Já se você, a exemplo de muitos, acha Paul Thomas Anderson o maior talento surgido no cinema norte-americano nos últimos 20 anos, pode ir sem medo. É mais um filme instigante e surpreendente desse cara que não faz concessões.

A história se passa em Los Angeles, em 1970. Um detetive particular, Doc Sportello (Joaquin Phoenix), recebe a visita de uma ex-namorada, Shasta (Katherine Waterston). Shasta conta que vive um romance proibido com um misterioso magnata da construção civil, Mickey Wolfmann (o excelente e sumido Eric Roberts, irmão de Julia) e pede ajuda de Doc para evitar que a esposa de Wolfmann o interne num manicômio.

Logo depois, Doc é procurado por Tariq Ali (Michael K. Williams), membro de uma gangue negra, a Família de Guerrilheiros Negros. Tariq pede que o detetive encontre um ex-companheiro de cela, membro de um grupo neonazista.

Nesse meio tempo, Shasta desaparece. Doc começa a procurá-la e cruza com diversos personagens esquisitos e misteriosos, como dentistas traficantes (Martin Short, engraçadíssimo), gueixas prostitutas, um policial barra pesada (Josh Brolin), um músico/informante do FBI (Owen Wilson) e uma procissão de malucos e paranoicos que são típico Pynchon.

Parece confuso, e é mesmo. A história é tão rocambolesca e cheia de reviravoltas que não é difícil perder-se na trama. Mas o que importa, aqui, é justamente a confusão e o caos. “Vício Inerente” não é uma simples história policial, mas a radiografia de um período cinza, confuso e fascinante da história americana, a era pós-hippie e pós-Manson, em que o sonho contracultural de paz, amor e LSD já tinha sido substituído por paranoia, conflitos e lutas que desembocariam em Watergate e, depois, na guinada à direita da era Reagan.

Analisando a filmografia de Anderson, percebe-se que ele tem um assunto preferido: a Califórnia. A maioria de seus filmes foi rodada na Califórnia e vários deles têm o lugar como tema.

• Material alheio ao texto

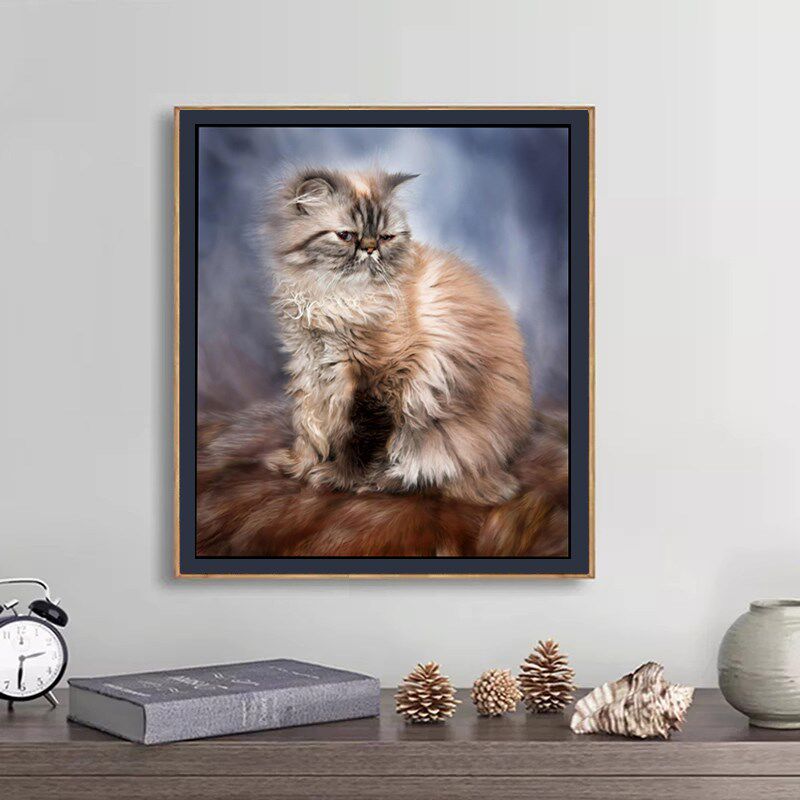 苏绣DIY套件初学 油画波斯猫 满绣玄关客厅卧室 手工刺绣装饰画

Vejo “Vício Inerente” como o terceiro de uma trilogia californiana, que inclui “Boogie Nights”, sobre a cena pornô da virada dos 70 para os 80 em Hollywood, e “Magnólia”, filme claramente inspirado no cinema de Robert Altman e que conta a vida de vários personagens do Vale de San Fernando, em Los Angeles.

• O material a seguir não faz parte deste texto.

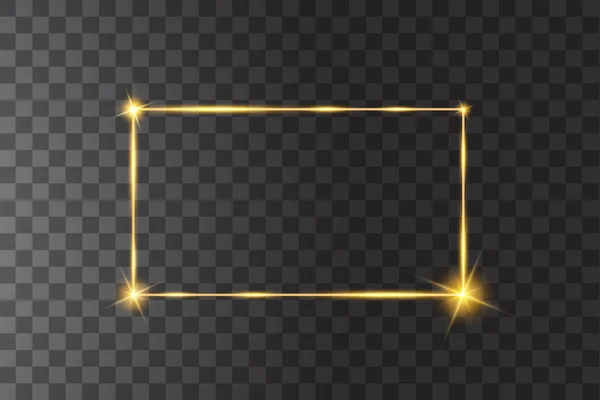 Vector golden frame with lights effects. Shining rectangle banner. Isolated on black transparent background. Vector illustration — Stock Vector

Em “Vício Inerente”, o que parece importar para Anderson não são tanto os personagens, que lembram arquétipos do início dos anos 70 – os malucos, os traficas, os policiais, etc. – mas dar um panorama geral da época e recriar a atmosfera daqueles tempos. Não é tão lisérgico e divertido quanto “Medo e Delírio”, o filme de Terry Gilliam baseado na história autobiográfica de Hunter Thompson, mas são obras sobre a mesma época e com abordagens semelhantes – e pessimistas - sobre o fim da era hippie.

Boa Páscoa a todos. O blog volta segunda-feira.